The council had claimed the sound of his animals barking, yelping and howling was causing or was likely to cause “alarm and distress” to his neighbours.
But Sheriff Susan Raeburn said that although the pack slept with him in the caravan, and he was “effectively the leader of the pack”, his neighbours had “unreasonably low tolerance or unreasonably high sensitivity” to his animals and lifestyle.
She defended Mr Debidin under Article 8 of the European Convention on Human Rights, which states that everyone has a right to respect for his private and family life.
Sheriff Raeburn said: “The law in relation to the understanding of and application of ‘human rights’ is evolving constantly. I hesitate to express an opinion as to whether the respondent’s chosen lifestyle falls within the legal definition of ‘family life’.
“I have absolutely no doubt that the respondent’s day to day routine at Woodhead Compound is, as a matter of fact, his family life. It is an unusual family life: by some it might, perhaps, be perceived to be unsavoury. Perception is not the same as reality. Misinformation distorts reality. The reality is that the respondent’s lifestyle at Woodhead Compound does not amount to anti-social behaviour.
“The respondent’s lifestyle choice is not ‘pro-social’ in the sense that for the respondent his community is his pack of dogs. In my view, however, the respondent’s lifestyle is deserving of respect whether or not it falls within the legal definition of ‘family life’ and in my considered opinion, there is no justification for interference with the respondent’s lifestyle.”
Neighbours first raised concerns about Mr Debidin’s dogs when they heard him moving into his Woodhead Compound in August 2006 with what they thought to be ‘a truck load of noisy turkeys’.

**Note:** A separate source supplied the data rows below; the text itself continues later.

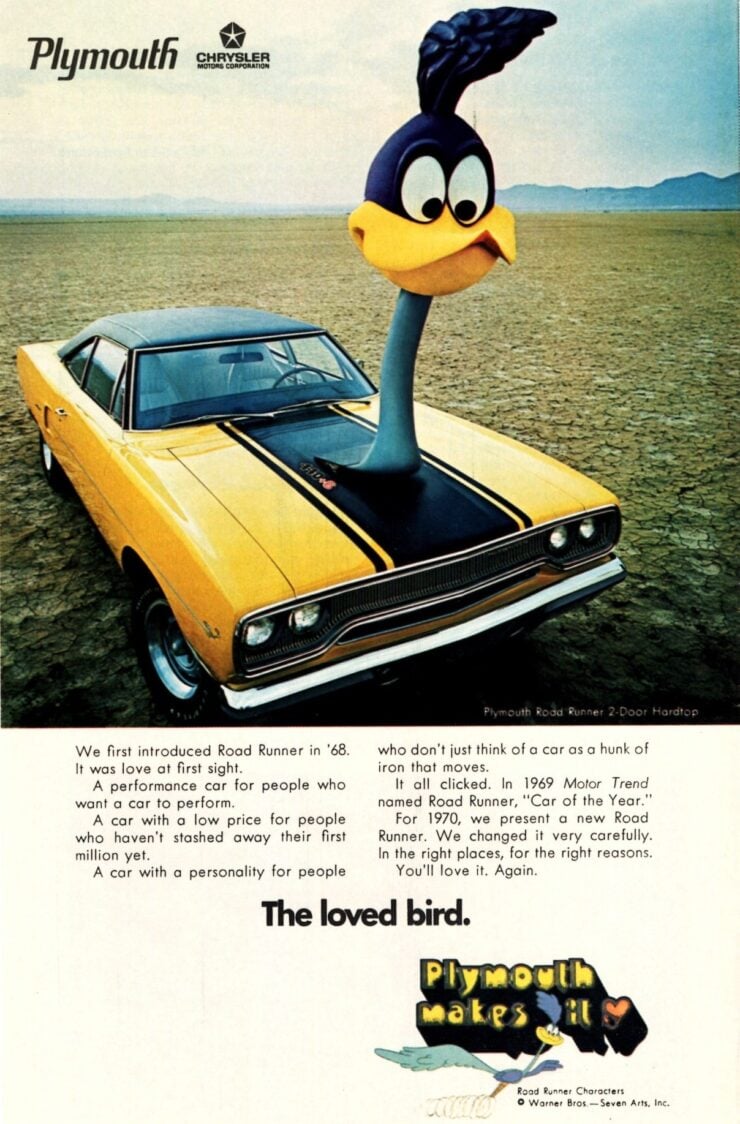 Plymouth Road Runner Vintage Ad 2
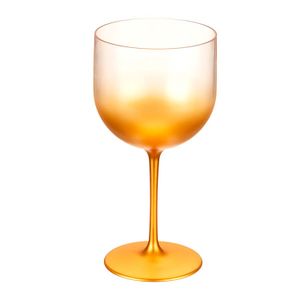 Taça de Gin 500mL Degradê Dourada - Oldaniplast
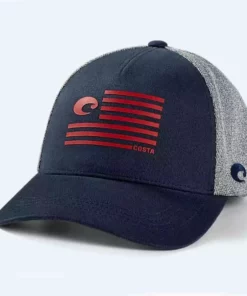 Capt. Harry's Fishing Supply Costa Pride Logo Trucker Navy Hat Clothing & Gifts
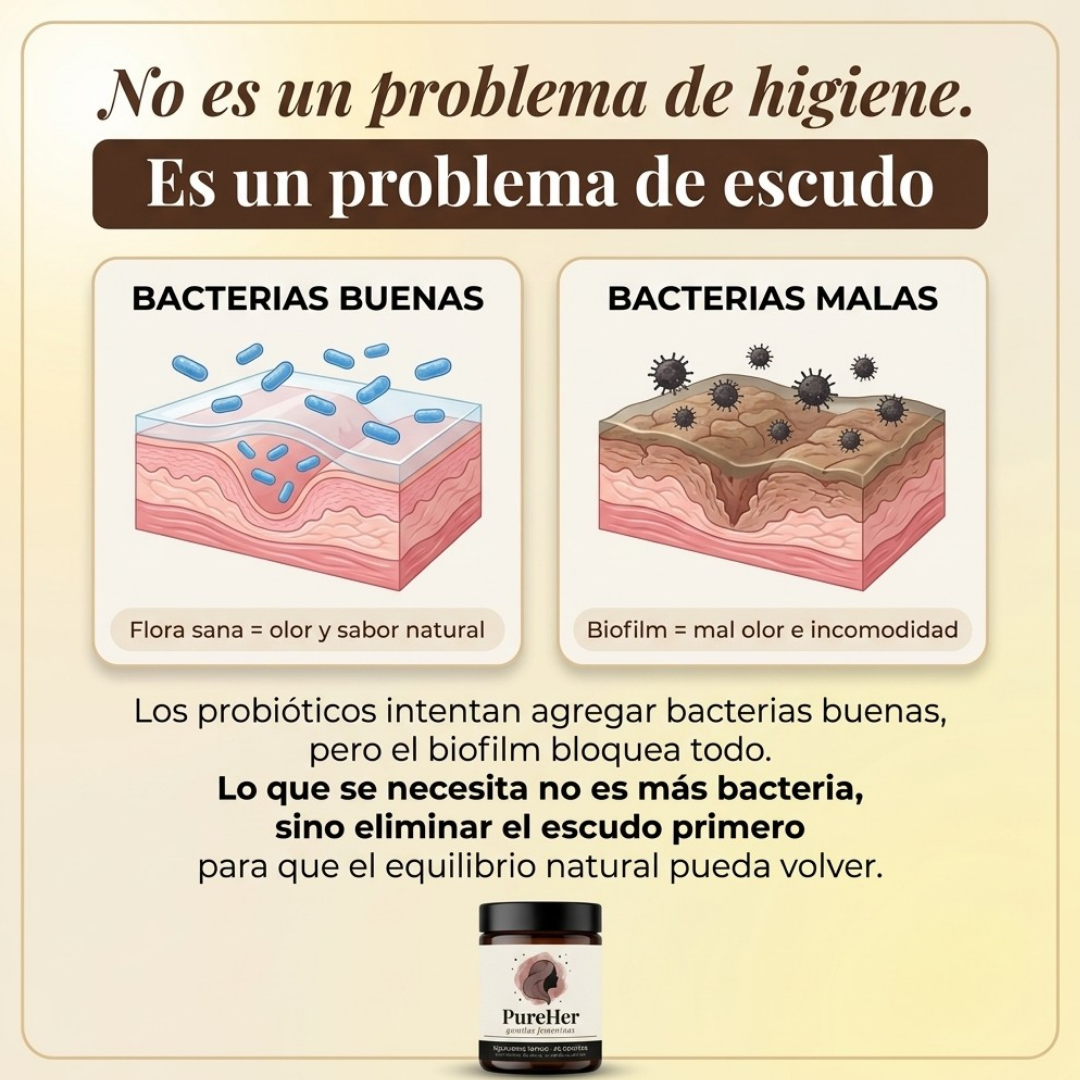 PUREHER | Flora íntima sana y equilibrada, sin antibióticos ni cremas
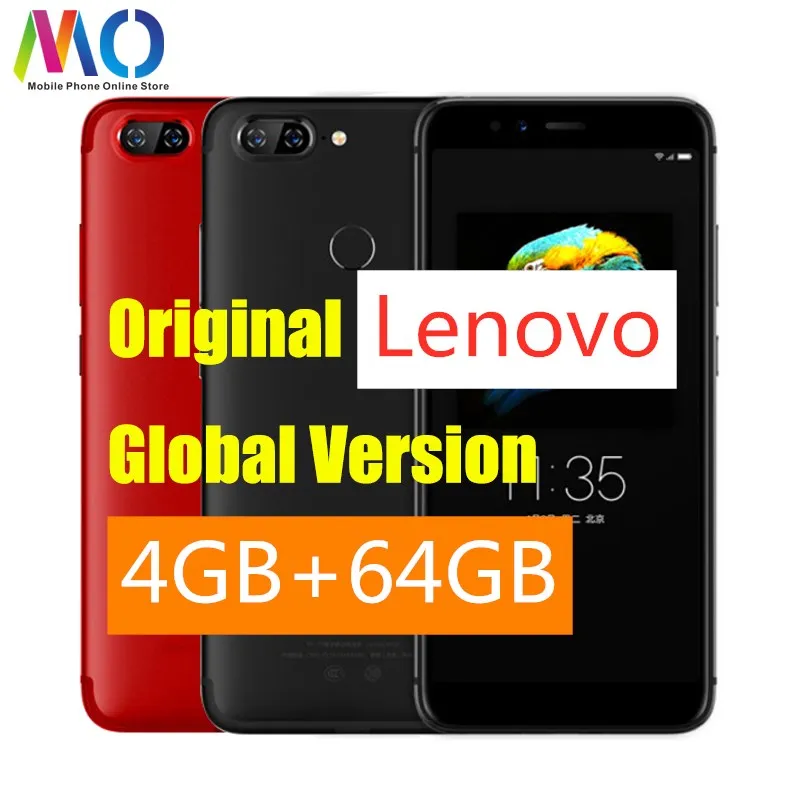Оригинал Lenovo S5 K520 телефон Глобальная версия смартфона Android мобильный 4G 64G 13MP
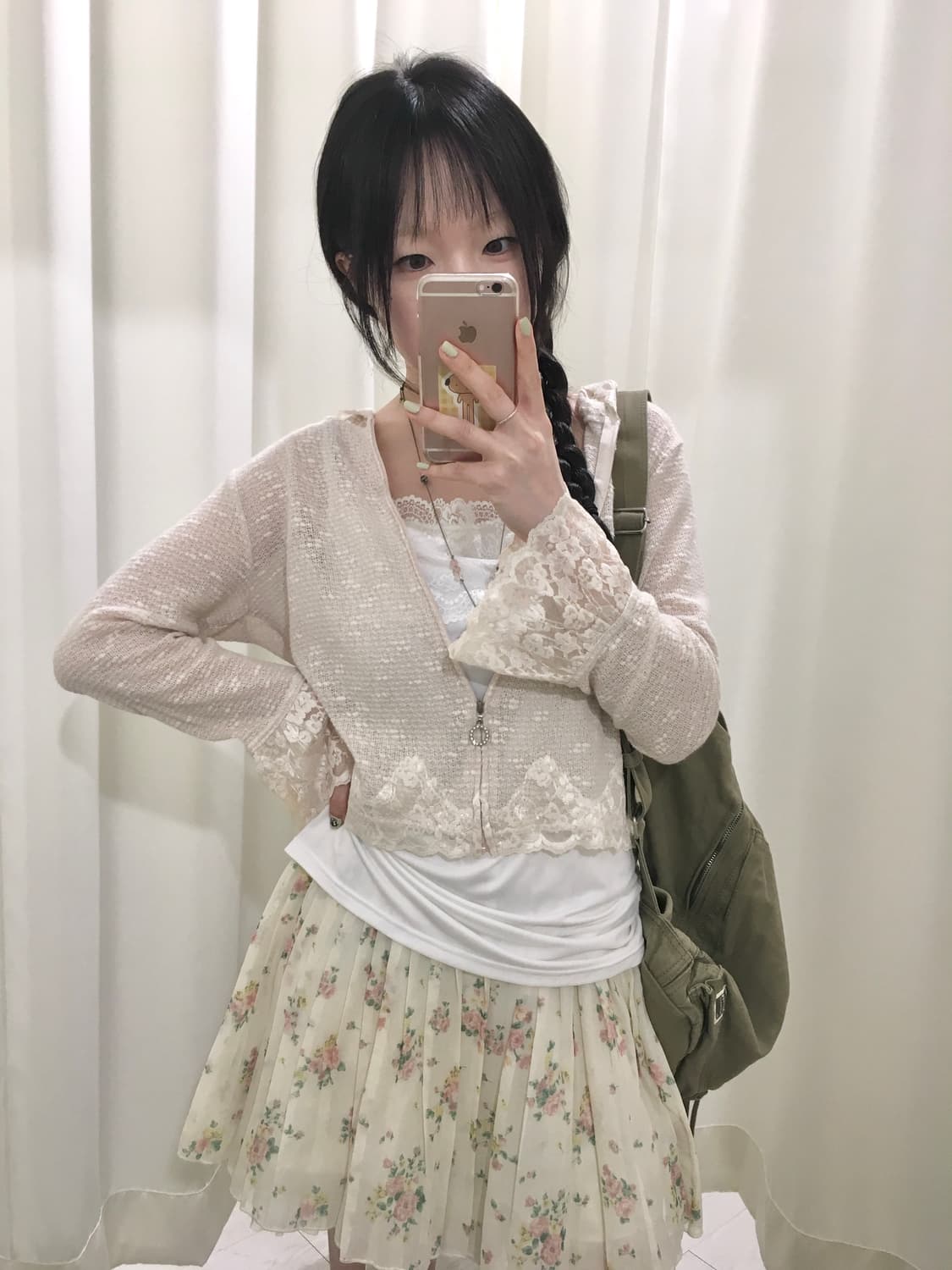 Lace Hood Crochet Cardigan 상품이미지3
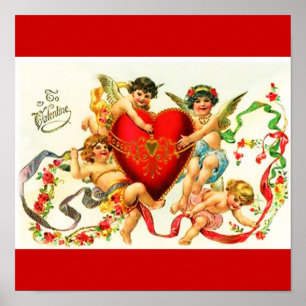 Poster Kärlek Art-Vintage Valentine 11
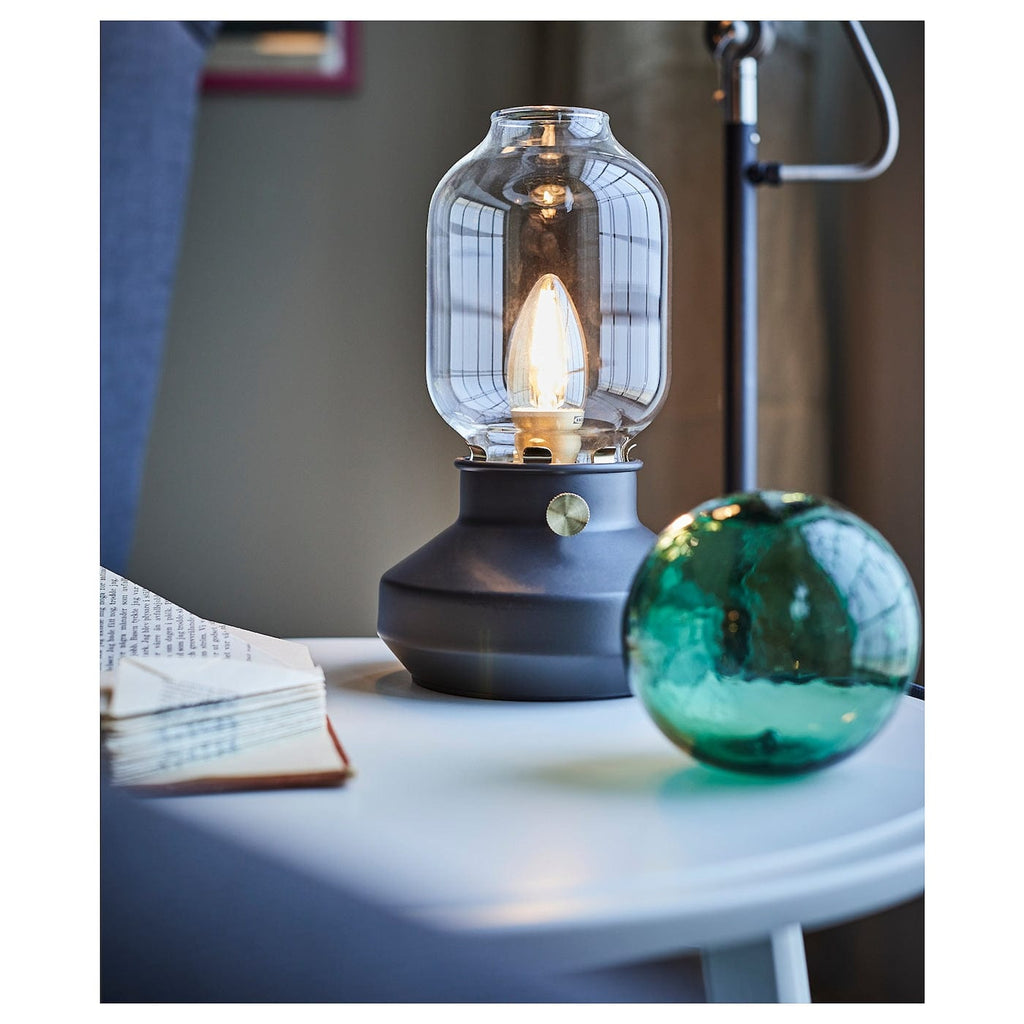 IKEA TÄRNABY Table Lamp – Anthracite, Dimmable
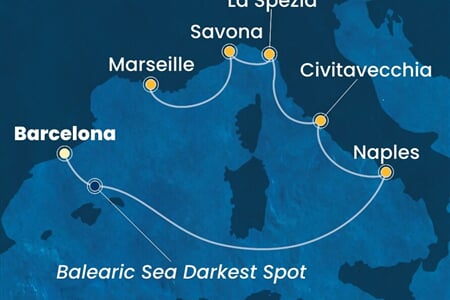 Costa Toscana - Španělsko, Itálie, Francie (z Barcelony)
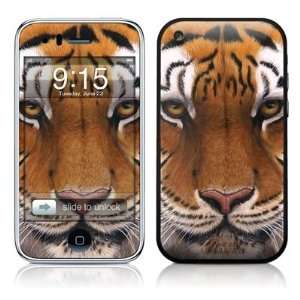 Siberian Tiger Design Protector Skin Decal Sticker for Apple 3G iPhone 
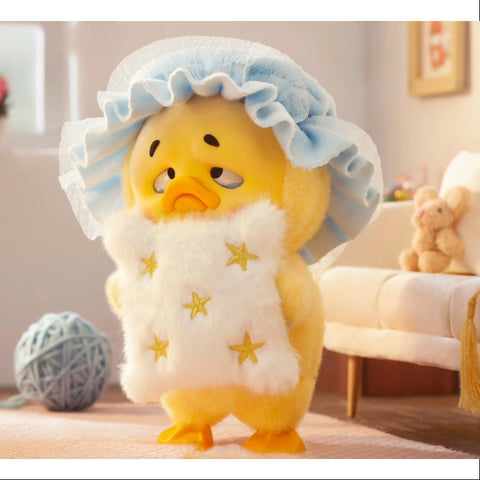 Upsetduck 2 Act Cute Duck Plush SJD Doll Series Wanna Sleep Duck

Following a formal complaint, Moray Council carried out an investigation into the noise and sent Mr Debidin a warning letter in February 2008, advising him that there was evidence to confirm the concerns were justified because his dogs continually barked at all times of day and night. The letter went on to say that no further action would be taken unless the council received more complaints.
Mr Debidin was then issued with a letter on behalf of the council’s Chief Legal Officer in April 2008, warning him that if he continued to allow his dogs to bark at an excessive level, the local authority would apply to the Sheriff Court for an Asbo against him. The application for an Asbo was lodged in August 2008.
Mr Debidin had received an Asbo prohibiting him from owning or keeping dogs for two years in 2005 when he lived at the Steading, Ardesier. Despite appealing the decision, he was told that he would have to remove the dogs from the property by August 2006.
Moray council leader Allan Wright said: “I am disappointed with the sheriff’s ruling and, quite frankly, find it difficult to comprehend.
“Moray Council was reacting to a plea from a number of our constituents about the noise and distress caused by this pack of dogs. We will always try to do what we feel necessary in the best interests of the people of Moray.
“For the sheriff to talk about a lifestyle that centres on a man being the leader of a pack of 47 large dogs and that his human rights entitle him to that lifestyle whatever the effect on neighbours is, for me, a clear demonstration of what is wrong with human rights legislation.
“This case has taken four years to conclude, far longer than we had anticipated although there were only eight witnesses. There will be a considerable taxpayer cost.”